== Segment start ==
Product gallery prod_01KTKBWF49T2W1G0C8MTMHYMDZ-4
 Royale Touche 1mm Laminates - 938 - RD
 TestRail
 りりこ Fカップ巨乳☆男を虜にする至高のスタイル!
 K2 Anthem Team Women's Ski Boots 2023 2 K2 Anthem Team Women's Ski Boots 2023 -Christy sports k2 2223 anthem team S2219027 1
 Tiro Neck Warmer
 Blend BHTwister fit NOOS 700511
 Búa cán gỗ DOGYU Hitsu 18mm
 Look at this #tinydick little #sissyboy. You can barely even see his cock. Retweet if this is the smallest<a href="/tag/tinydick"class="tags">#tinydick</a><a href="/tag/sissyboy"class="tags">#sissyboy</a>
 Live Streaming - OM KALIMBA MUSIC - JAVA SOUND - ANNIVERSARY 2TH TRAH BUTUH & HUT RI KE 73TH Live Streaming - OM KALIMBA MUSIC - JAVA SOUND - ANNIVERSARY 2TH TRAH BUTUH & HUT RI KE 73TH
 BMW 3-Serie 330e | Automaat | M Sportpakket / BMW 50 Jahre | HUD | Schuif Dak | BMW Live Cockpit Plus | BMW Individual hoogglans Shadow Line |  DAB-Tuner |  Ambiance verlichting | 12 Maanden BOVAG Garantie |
== Segment end ==
*EXERCISE REQUIREMENTS*: Only the lines from the first line of the records through the one containing "Búa cán gỗ DOGYU Hitsu 18mm" should be reproduced, exactly, with both of them included.

*SOLUTION FOR THIS EXERCISE*:
Product gallery prod_01KTKBWF49T2W1G0C8MTMHYMDZ-4
 Royale Touche 1mm Laminates - 938 - RD
 TestRail
 りりこ Fカップ巨乳☆男を虜にする至高のスタイル!
 K2 Anthem Team Women's Ski Boots 2023 2 K2 Anthem Team Women's Ski Boots 2023 -Christy sports k2 2223 anthem team S2219027 1
 Tiro Neck Warmer
 Blend BHTwister fit NOOS 700511
 Búa cán gỗ DOGYU Hitsu 18mm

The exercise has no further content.